* [Aim of the task]
Each image should be skipped while the records are restated word for word.

* [Data for the task]
########

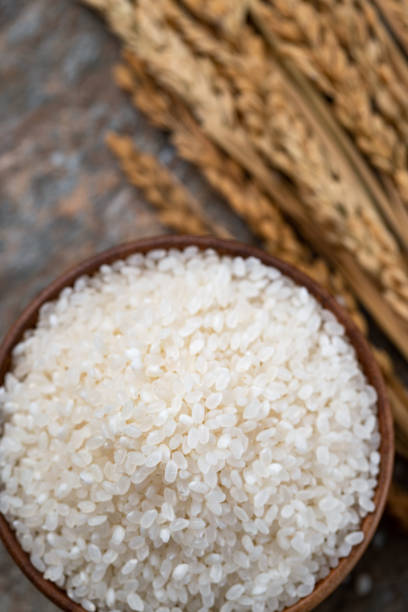 istock A bowl of rice and rice 1285489230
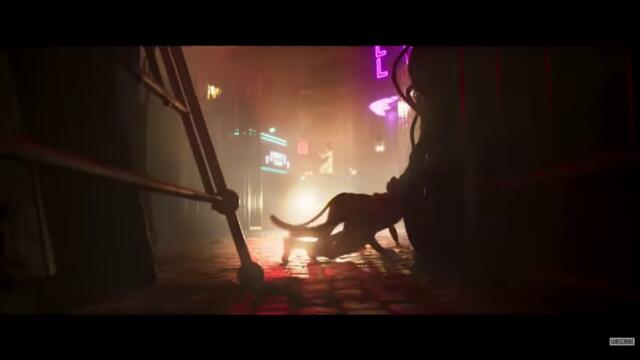 bandicam 2022-03-03 23-43-05-946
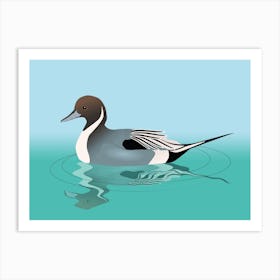 A vector illustration of a northern pintail Art Print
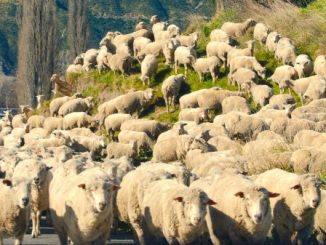 pascoli sicuri provincia varese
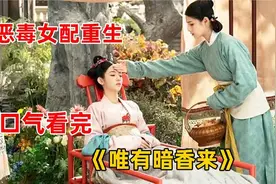女主穿越过去，逆天改命！！一口气看完《唯有暗香来》视频封面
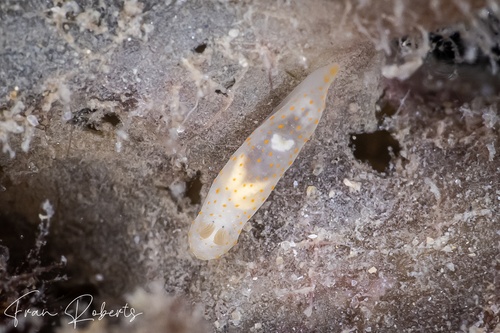 Image of Gymnodoris sp. 22
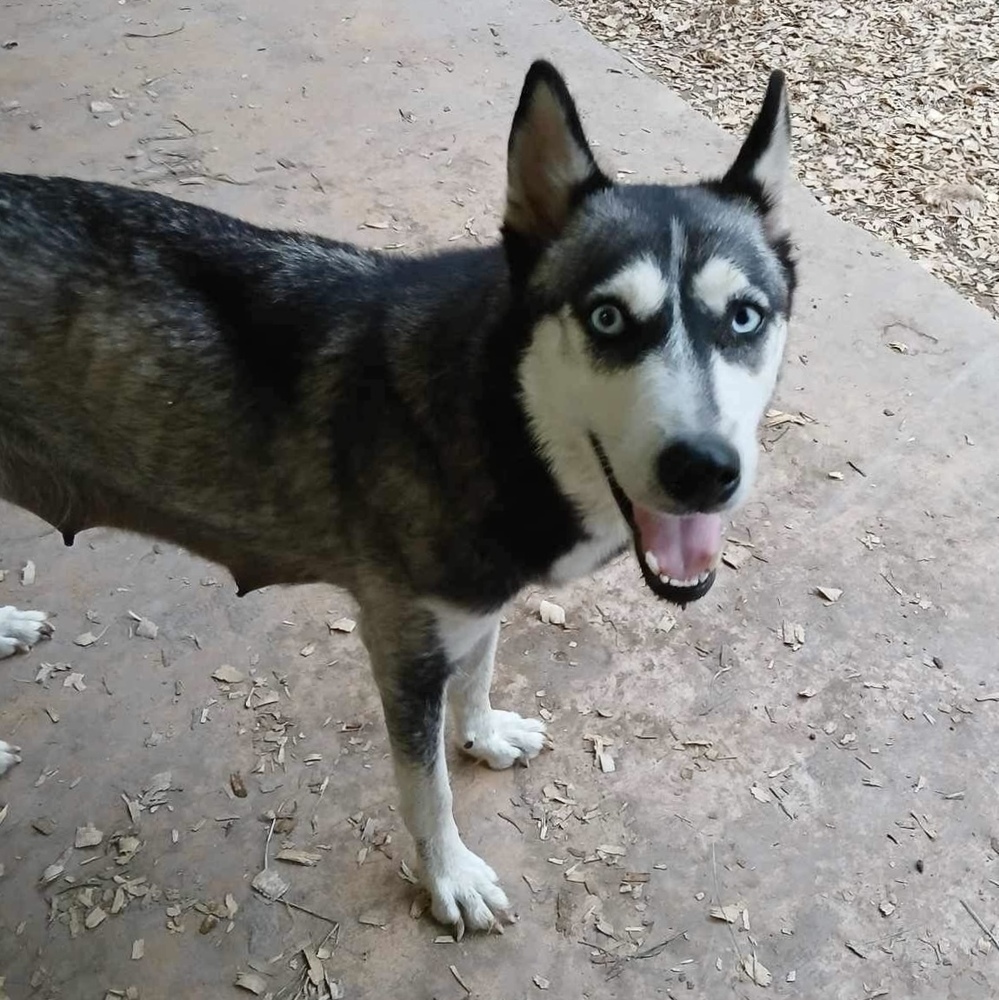 Sky, an adoptable Husky in Rockland, WI, 54653 | Photo Image 6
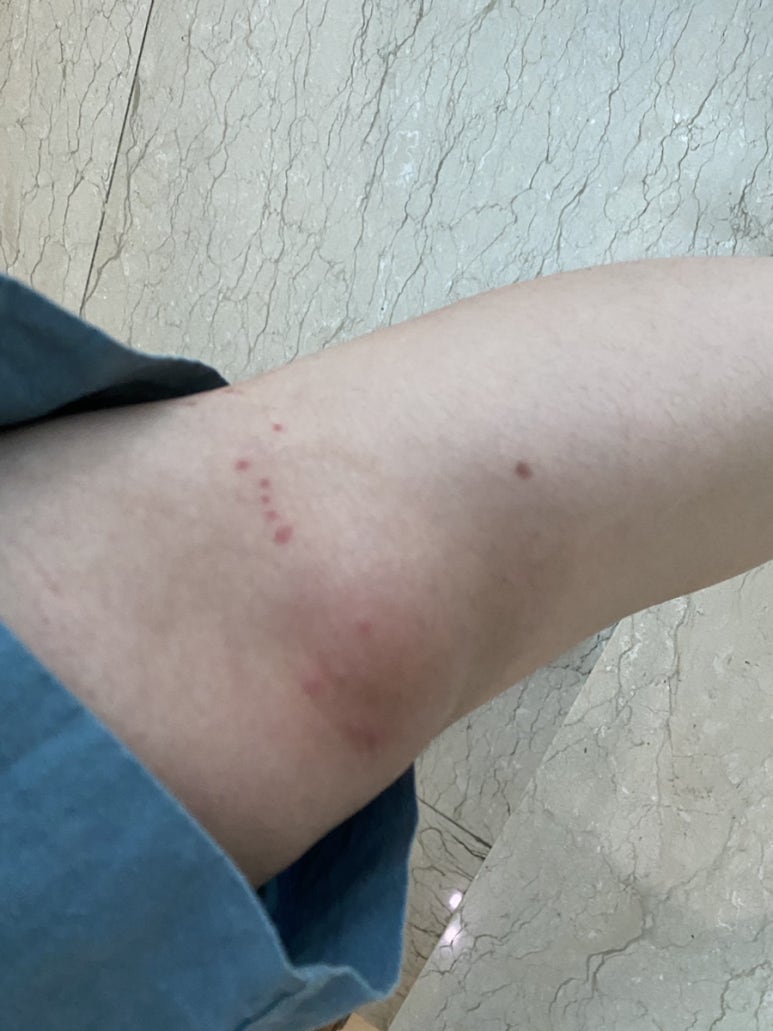 라라피부과의원 이미지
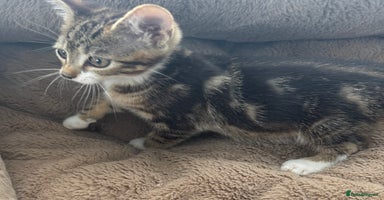 Mixed Breed cats - Advert 3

########

* [Answer to this problem]
 istock A bowl of rice and rice 1285489230
 bandicam 2022-03-03 23-43-05-946
 A vector illustration of a northern pintail Art Print
 pascoli sicuri provincia varese
女主穿越过去，逆天改命！！一口气看完《唯有暗香来》视频封面
 Image of Gymnodoris sp. 22
 Sky, an adoptable Husky in Rockland, WI, 54653 | Photo Image 6
 라라피부과의원 이미지
 Mixed Breed cats - Advert 3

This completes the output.